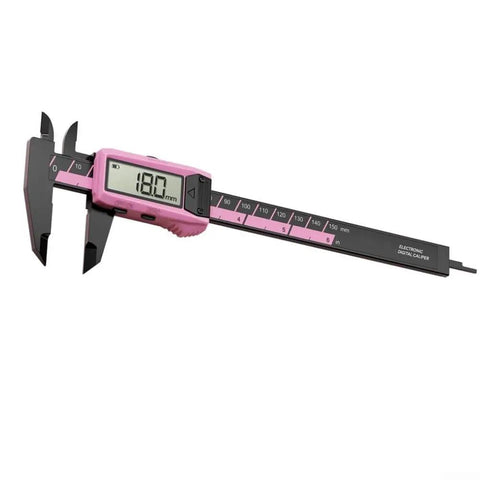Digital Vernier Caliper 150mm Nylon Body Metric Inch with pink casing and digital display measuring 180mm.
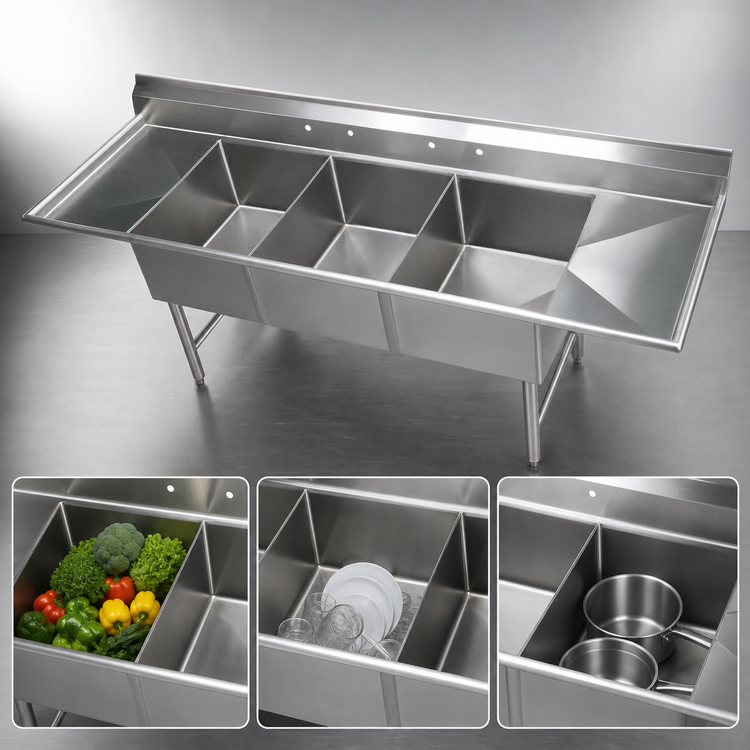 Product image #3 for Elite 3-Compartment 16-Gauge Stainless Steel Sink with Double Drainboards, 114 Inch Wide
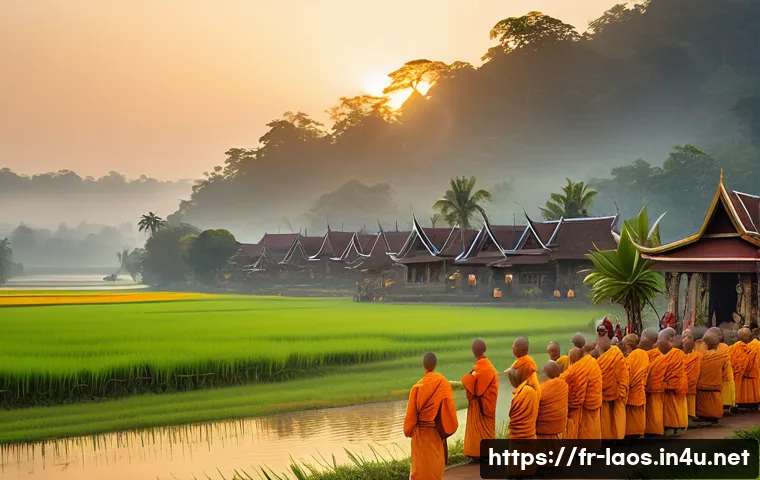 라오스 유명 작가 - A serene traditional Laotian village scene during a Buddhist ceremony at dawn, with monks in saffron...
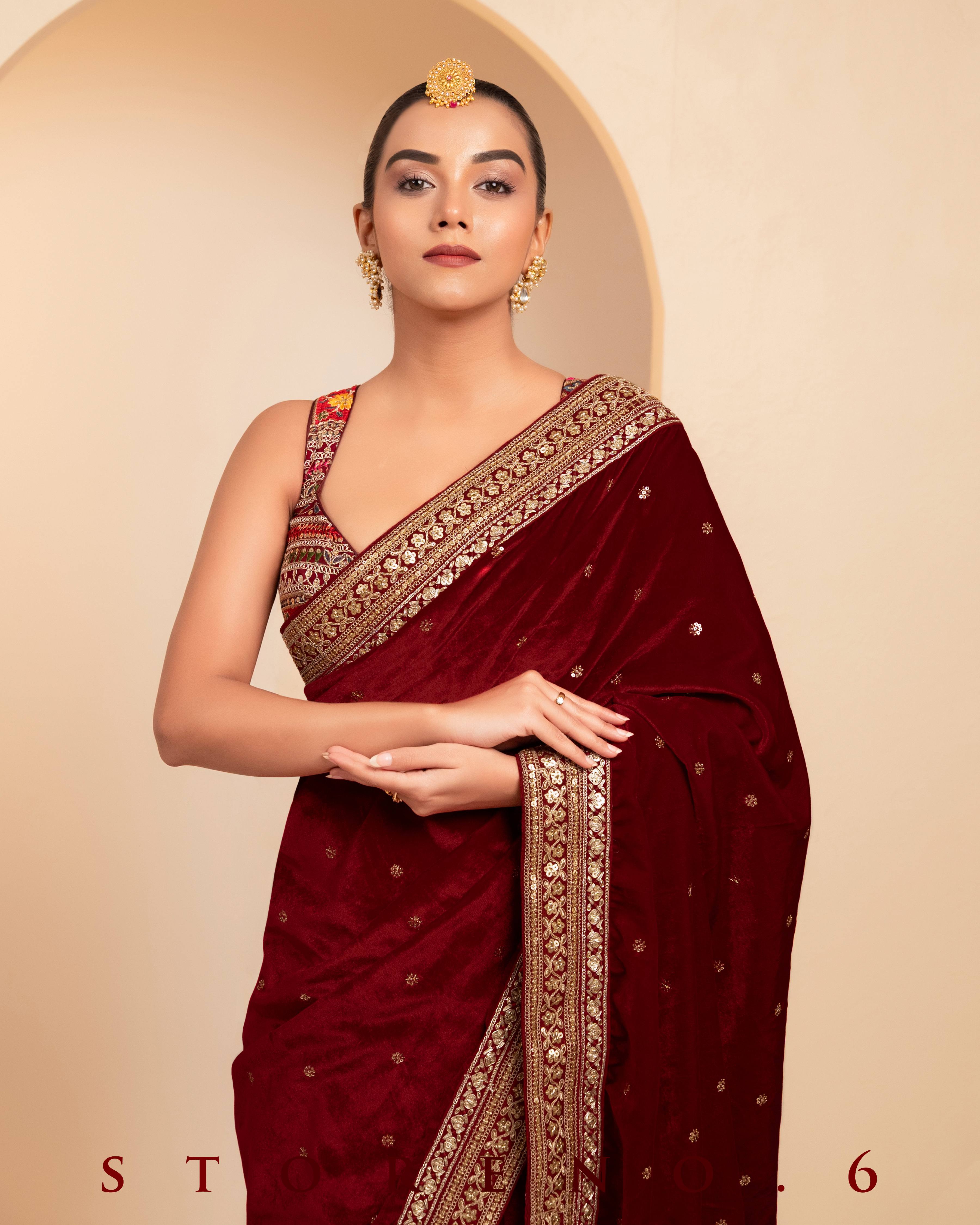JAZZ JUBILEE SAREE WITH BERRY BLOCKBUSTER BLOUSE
* * *
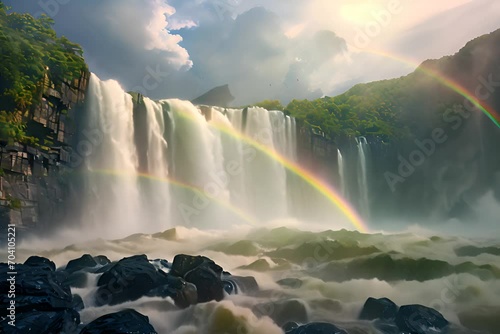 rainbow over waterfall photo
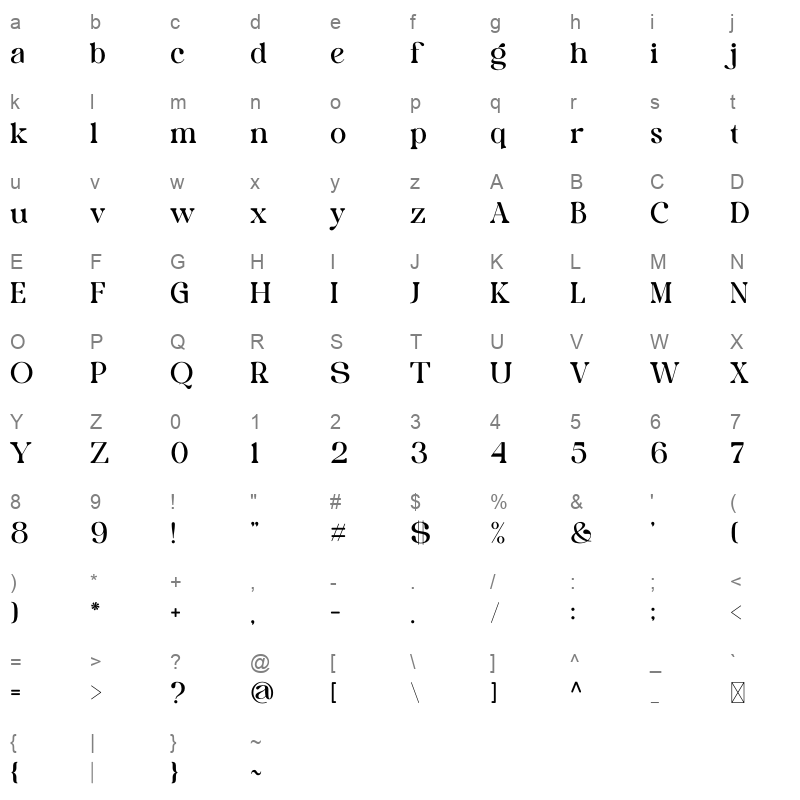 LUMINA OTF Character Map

> What this task involves:
Both boundary lines included, write out word for word only the lines above from the one containing "rainbow over waterfall photo" to the one containing "LUMINA OTF Character Map", leaving out any pictures.

> Written solution:
 rainbow over waterfall photo
 LUMINA OTF Character Map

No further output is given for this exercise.